Ms Aslam says that the inspiration to launch the festival comes from the desire to create something that would create a change in the city and that it would inspire people, raise aspirations, and increase literacy across the district. 

The drive to make a positive socio-economic change in Bradford coupled with nearly two decades worth of experience is what made BLF what it is today. The festival went from “an idea”, to an award-winning culture and art movement akin to the Hay Festival or the comedy Fringe Fest in Scotland. 

The literature fest also holds events for school children free of charge dotted around the year.

“The ambition was to create a world-leading literacy festival that is open and accessible for people who would not be able to engage in arts and culture”, Ms Aslam added.

The festival is free to children, people on benefits, people living in social housing, asylum seekers and refugees. “I don’t think you can talk about making meaningful social change and wanting children to engage with reading without giving people access.

“I’ve been really lucky that I see things from two sides. When I lived in Pakistan, I bought books and was given books but when we came to the UK, it was almost as if we were starting again. It is the experience that a lot of migrants faced, that there wasn’t money to buy books. 

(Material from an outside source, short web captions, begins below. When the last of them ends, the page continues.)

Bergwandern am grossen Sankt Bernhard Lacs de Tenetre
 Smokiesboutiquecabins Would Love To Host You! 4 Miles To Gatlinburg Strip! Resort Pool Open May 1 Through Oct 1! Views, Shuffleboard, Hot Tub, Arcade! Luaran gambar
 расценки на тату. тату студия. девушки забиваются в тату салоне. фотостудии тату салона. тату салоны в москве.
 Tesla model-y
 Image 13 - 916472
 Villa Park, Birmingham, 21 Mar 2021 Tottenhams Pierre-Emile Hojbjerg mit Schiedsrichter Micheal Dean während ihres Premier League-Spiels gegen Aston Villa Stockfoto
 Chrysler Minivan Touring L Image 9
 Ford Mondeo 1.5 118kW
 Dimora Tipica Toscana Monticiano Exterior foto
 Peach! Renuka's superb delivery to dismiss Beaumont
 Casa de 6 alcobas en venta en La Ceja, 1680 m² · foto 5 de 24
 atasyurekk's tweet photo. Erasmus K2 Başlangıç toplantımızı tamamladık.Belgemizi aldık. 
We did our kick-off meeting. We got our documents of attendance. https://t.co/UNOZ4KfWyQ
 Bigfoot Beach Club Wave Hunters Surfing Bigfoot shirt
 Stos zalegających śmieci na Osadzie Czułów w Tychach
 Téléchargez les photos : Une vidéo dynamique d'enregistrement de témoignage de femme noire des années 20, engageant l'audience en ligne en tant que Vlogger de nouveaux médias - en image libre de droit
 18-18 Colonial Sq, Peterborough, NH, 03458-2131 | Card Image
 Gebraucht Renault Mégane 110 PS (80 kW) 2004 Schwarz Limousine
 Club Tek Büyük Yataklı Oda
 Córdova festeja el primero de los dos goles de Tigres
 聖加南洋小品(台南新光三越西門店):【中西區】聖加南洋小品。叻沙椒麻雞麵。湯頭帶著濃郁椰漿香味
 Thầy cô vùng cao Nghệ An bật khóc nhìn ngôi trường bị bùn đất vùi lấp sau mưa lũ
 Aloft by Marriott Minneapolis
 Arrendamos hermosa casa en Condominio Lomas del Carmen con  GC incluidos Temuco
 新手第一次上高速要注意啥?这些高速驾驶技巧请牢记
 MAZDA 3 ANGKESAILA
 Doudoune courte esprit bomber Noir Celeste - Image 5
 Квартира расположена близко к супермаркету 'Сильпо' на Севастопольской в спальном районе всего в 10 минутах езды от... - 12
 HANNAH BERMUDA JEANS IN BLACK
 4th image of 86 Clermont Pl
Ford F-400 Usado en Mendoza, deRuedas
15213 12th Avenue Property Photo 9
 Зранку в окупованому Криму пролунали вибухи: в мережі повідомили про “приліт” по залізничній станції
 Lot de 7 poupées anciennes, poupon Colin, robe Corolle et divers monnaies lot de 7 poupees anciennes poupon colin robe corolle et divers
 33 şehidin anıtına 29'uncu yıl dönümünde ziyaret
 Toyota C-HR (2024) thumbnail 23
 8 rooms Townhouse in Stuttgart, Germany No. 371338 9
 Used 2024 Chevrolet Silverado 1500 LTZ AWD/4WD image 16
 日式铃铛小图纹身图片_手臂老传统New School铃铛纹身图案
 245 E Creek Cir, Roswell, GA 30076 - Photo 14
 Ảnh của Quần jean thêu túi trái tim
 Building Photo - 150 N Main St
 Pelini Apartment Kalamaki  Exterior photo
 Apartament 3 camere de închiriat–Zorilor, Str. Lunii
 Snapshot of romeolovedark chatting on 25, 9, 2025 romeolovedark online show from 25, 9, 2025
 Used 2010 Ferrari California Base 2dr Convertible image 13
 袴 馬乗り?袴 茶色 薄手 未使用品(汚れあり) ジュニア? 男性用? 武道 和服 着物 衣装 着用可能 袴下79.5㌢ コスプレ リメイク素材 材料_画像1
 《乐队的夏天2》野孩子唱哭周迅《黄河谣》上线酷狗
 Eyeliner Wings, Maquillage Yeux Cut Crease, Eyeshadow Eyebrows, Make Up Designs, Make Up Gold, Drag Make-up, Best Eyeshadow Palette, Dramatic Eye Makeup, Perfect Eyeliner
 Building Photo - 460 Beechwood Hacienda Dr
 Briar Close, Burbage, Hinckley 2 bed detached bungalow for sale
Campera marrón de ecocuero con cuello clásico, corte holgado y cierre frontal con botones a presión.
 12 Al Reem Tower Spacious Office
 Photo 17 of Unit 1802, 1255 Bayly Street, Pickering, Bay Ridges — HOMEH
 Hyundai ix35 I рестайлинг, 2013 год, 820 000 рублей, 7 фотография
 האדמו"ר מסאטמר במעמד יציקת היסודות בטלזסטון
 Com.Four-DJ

“Without access to the library and the push from my mum, I might not have gone to university, and I might not do what I am doing now.

“I’m very aware of the different things that can create life chances. There are a lot of things that might not have been open to me because my mother doesn’t speak a lot of English. 

“As I got older and went to arts and culture events, I noticed that it is a very select audience. You typically need money to engage with these things. You need money to buy tickets to events and books.”

Bradford was chosen, over Halifax, Ms Aslam’s hometown, because of how easy it is for visitors from across the UK and internationally to visit. She said: “When you grow up in the way I did, you don’t think about geographical boundaries, so to me, we are the BLF, and we are based in Bradford, but it is for the entire region, and it is a national festival that everyone can come to.”

The festival not only brings an international spotlight to Bradford, but it serves as a launching pad for young creatives from across the region. The founders of Fox & Windmill, an up-and-coming publishing house for Northern South Asian writers, Habiba Desai and Sara Razzaq, met at the festival in 2016. 

In 2019, more than 70,000 people attended the festival, with 57% of the audience attending the festival with a free or discounted ticket. More than half (55%) of the audience identified themselves as Black, Asian, or Minority Ethnic, and 55% of the audience reported incomes below the national average. 

Last year, the festival hosted 220 speakers across 100 sessions, with 50% of the events taking place digitally. Notable people speaking at the festival include Abdul Hakim Murad, Jeanette Wilson, Michael Rosen, A A Dhand, Anita Rani, Saima Mir, and Aamnah Rashman.

The date for Bradford Literature Festival 2022 has been set for 24 June to 3 July. Ms Aslam couldn’t say what is in store for the festival this year, but “more information is going to be released in the not too distance future.” 

Asian Standard wishes everyone a happy International Women’s Day 2022.